Exercise instructions: In the records below, find the line with "CECIL EDWARD GILCHRIST Obituary pic", then retype it and every following line exactly, stopping after the line with "thumbnail image 2". Leave the pictures out.
Top of Task data
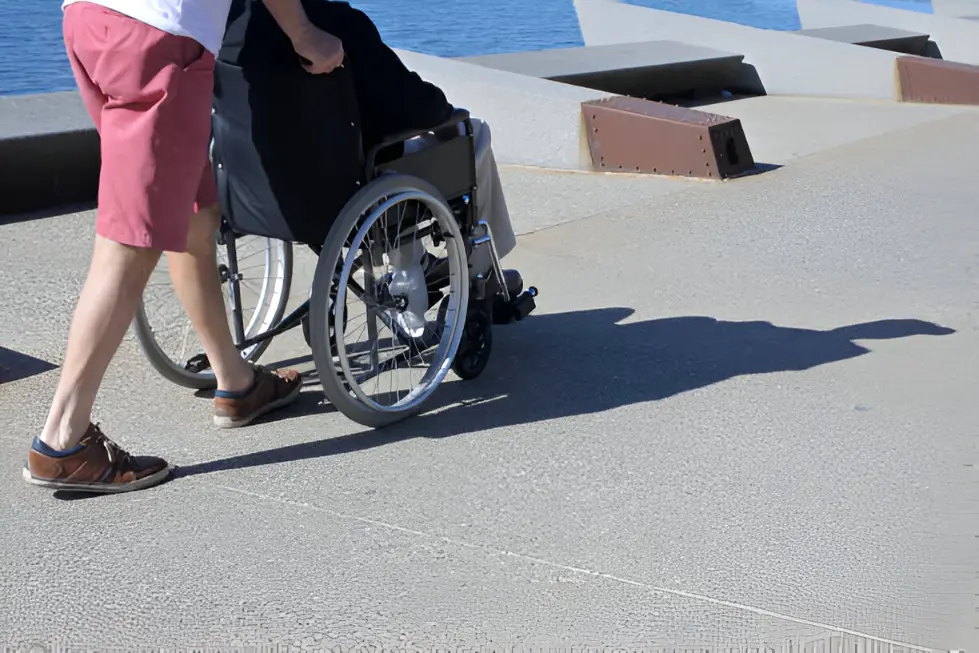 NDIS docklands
Bottom of Task data
Top of Task data
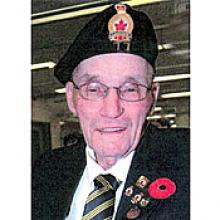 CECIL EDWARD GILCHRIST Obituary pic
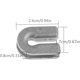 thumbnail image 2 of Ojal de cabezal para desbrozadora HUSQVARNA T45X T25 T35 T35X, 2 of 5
Bottom of Task data
Exercise answer:
 CECIL EDWARD GILCHRIST Obituary pic
 thumbnail image 2 of Ojal de cabezal para desbrozadora HUSQVARNA T45X T25 T35 T35X, 2 of 5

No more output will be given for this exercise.